§ **ACTION ITEM**
Set the pictures aside and return each record below precisely as written.

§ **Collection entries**
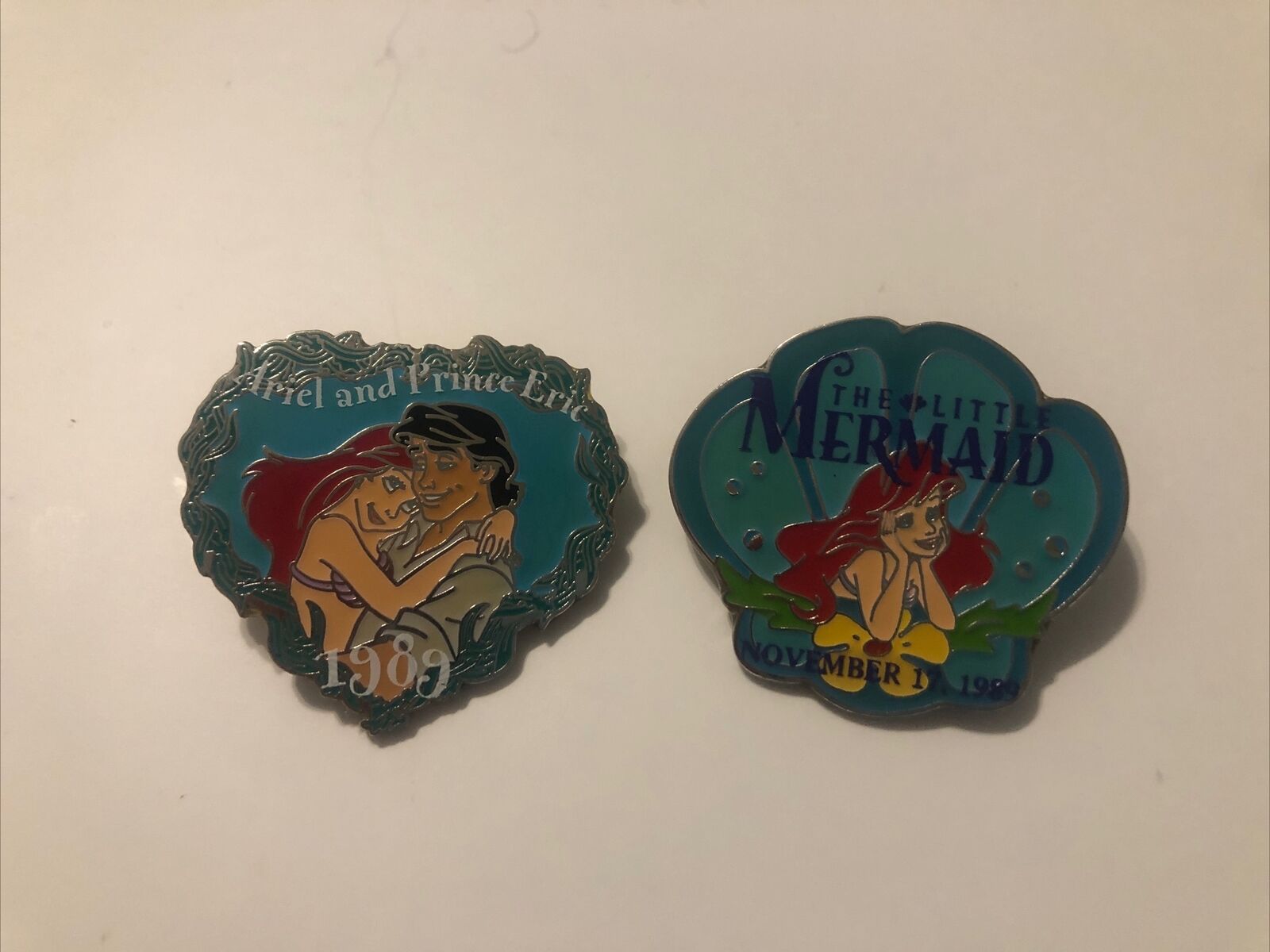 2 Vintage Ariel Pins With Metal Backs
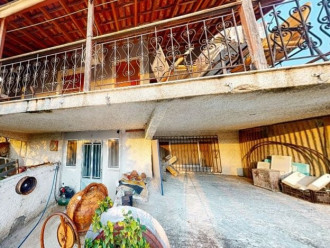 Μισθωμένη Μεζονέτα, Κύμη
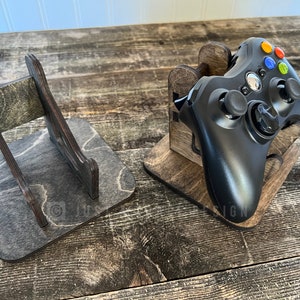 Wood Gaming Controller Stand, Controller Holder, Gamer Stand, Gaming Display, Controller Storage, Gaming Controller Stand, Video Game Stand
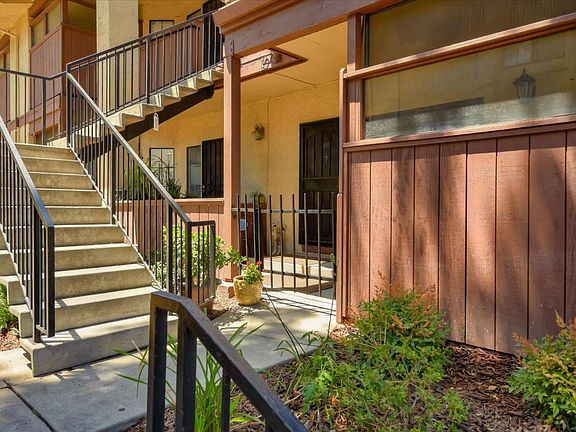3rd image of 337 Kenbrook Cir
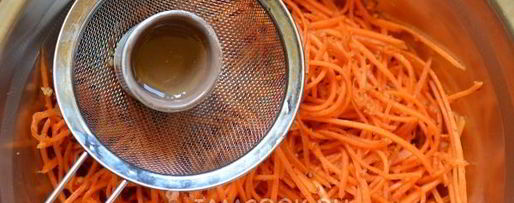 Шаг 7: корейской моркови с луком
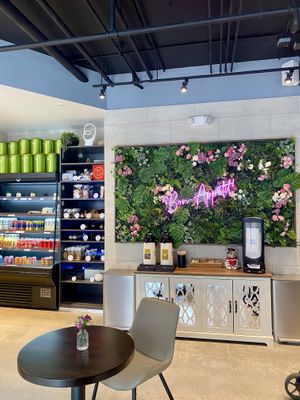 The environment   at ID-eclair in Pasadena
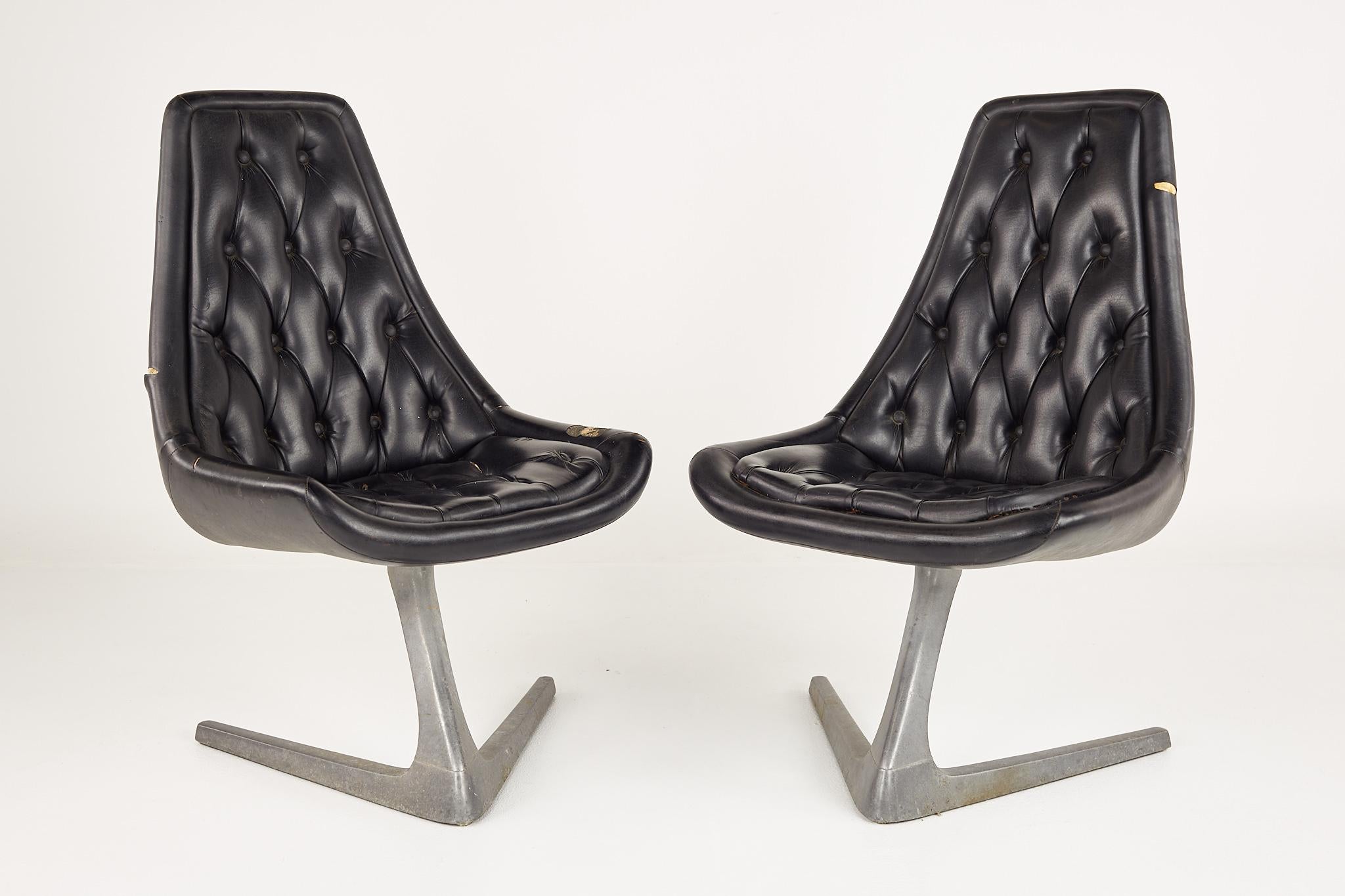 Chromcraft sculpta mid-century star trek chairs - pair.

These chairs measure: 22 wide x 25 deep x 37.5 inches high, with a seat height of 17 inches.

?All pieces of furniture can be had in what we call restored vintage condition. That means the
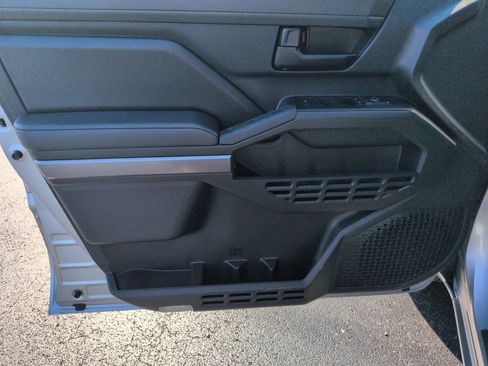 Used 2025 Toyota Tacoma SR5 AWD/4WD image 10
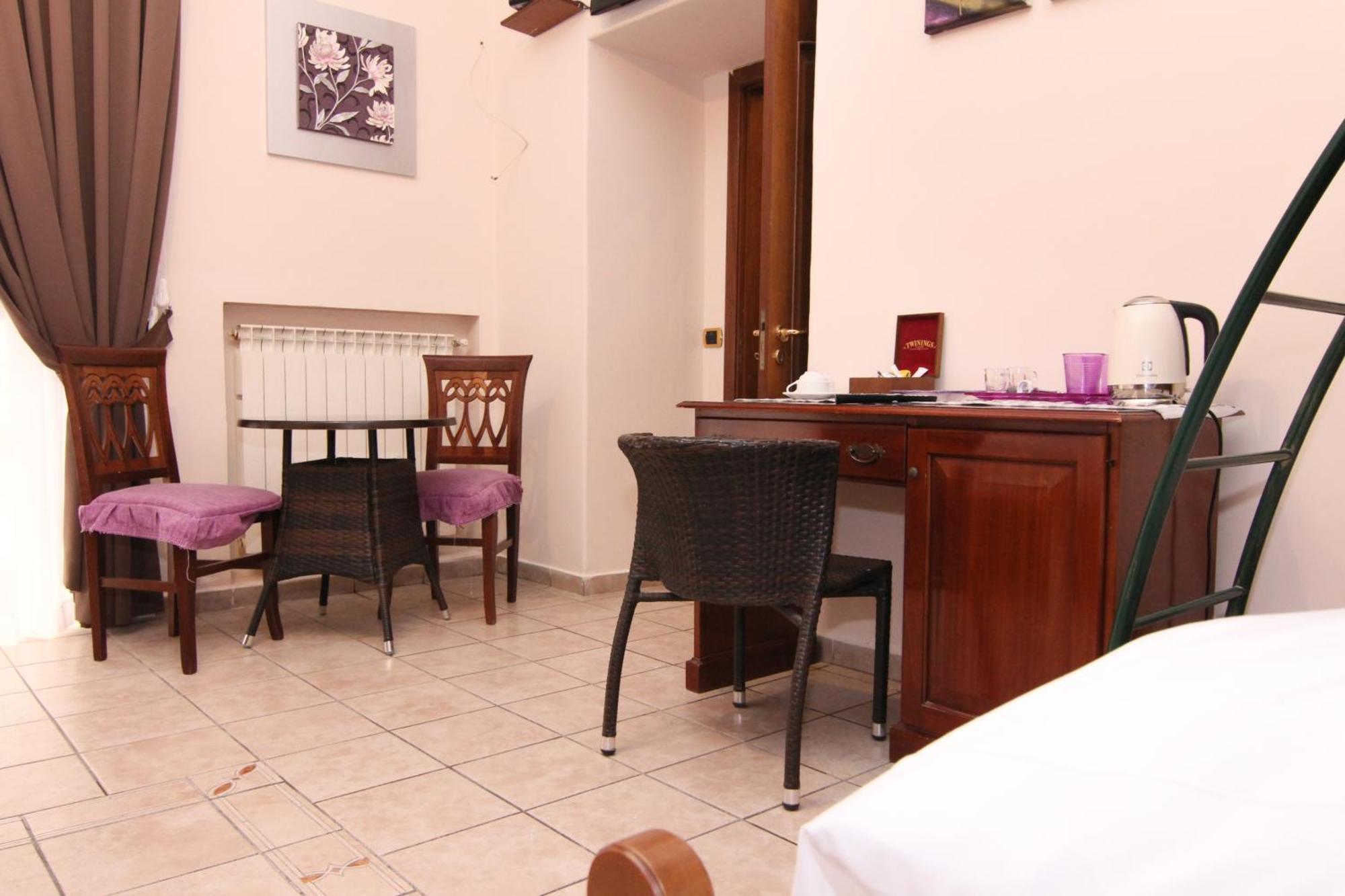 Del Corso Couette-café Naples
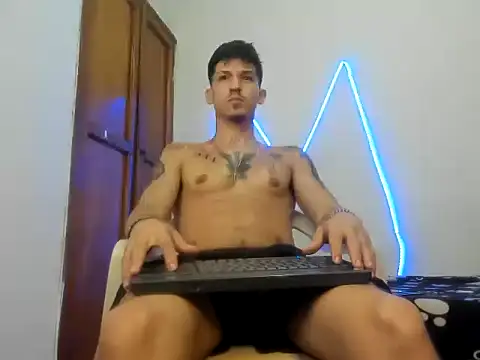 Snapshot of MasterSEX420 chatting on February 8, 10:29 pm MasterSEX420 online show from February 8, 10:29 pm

§ **TASK SOLUTION**
 2 Vintage Ariel Pins With Metal Backs
 Μισθωμένη Μεζονέτα, Κύμη
 Wood Gaming Controller Stand, Controller Holder, Gamer Stand, Gaming Display, Controller Storage, Gaming Controller Stand, Video Game Stand
3rd image of 337 Kenbrook Cir
 Шаг 7: корейской моркови с луком
 The environment   at ID-eclair in Pasadena
 Chromcraft sculpta mid-century star trek chairs - pair.

These chairs measure: 22 wide x 25 deep x 37.5 inches high, with a seat height of 17 inches.

?All pieces of furniture can be had in what we call restored vintage condition. That means the
 Used 2025 Toyota Tacoma SR5 AWD/4WD image 10
 Del Corso Couette-café Naples
 Snapshot of MasterSEX420 chatting on February 8, 10:29 pm MasterSEX420 online show from February 8, 10:29 pm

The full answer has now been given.